Since it took hold last year, the Covid pandemic has resulted in the generation of tonnes of biomedical waste. 

Last month, the government estimated India’s daily biomedical waste output at 146 tonnes. This means that every day India is producing roughly the equivalent of a blue whale — the largest animal in the world — in biomedical waste.

The contribution of syringes alone is ballooning. According to one estimate offered by Onsite Waste Technologies, an American company that specialises in medical waste disposal, the needles from the number of vaccine doses needed to inoculate the entire US population — about 66 crore — would be enough to wrap around the Earth 1.8 times. 

To put it into context, India’s population (including minors, who are currently not eligible for vaccination) exceeds the US’ by approximately 100 crore. As of Friday, India had administered 9,43,34,262 doses.
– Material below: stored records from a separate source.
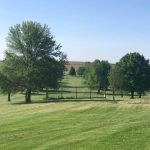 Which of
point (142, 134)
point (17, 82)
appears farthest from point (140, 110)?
point (17, 82)

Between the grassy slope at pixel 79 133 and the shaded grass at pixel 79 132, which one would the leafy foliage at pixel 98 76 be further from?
the grassy slope at pixel 79 133

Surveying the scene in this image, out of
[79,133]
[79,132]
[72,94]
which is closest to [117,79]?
[72,94]

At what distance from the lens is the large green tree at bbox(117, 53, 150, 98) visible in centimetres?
7888

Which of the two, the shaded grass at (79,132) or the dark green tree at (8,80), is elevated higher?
the dark green tree at (8,80)

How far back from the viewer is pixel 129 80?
259ft

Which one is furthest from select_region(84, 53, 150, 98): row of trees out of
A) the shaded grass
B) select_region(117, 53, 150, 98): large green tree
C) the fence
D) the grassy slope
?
the grassy slope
Another estimate, this one by industry body Association of Indian Medical Device Industry (AIMED), said the world needs 800 crore-1,000 crore syringes to vaccinate 60 per cent of the population — the approximate threshold for herd immunity. India alone would require at least 150 crore syringes to inoculate 60 per cent of its approximately 135 crore people, they calculated. 

It may sound like a lot, but experts say the disposal of used syringes — which weigh no more than a one-rupee coin — isn’t something to fret about. According to them, no biomedical waste is of any concern if disposed of appropriately. 

India has a dedicated legal framework to oversee its disposal, which lays down an elaborate procedure — comprising colour-coding, sterilisation, incineration, recycling and burial — to strip the waste of any risk.


Also Read: Gujarat has vaccinated highest number of people among big states, UP, Bihar at the bottom


‘Nothing worrisome’

Amesh Adalja, a senior scholar at the US-based Johns Hopkins Center for Health Security, whose work focuses on pandemic preparedness, said “there is nothing worrisome” about the biomedical waste being generated as a result of Covid. 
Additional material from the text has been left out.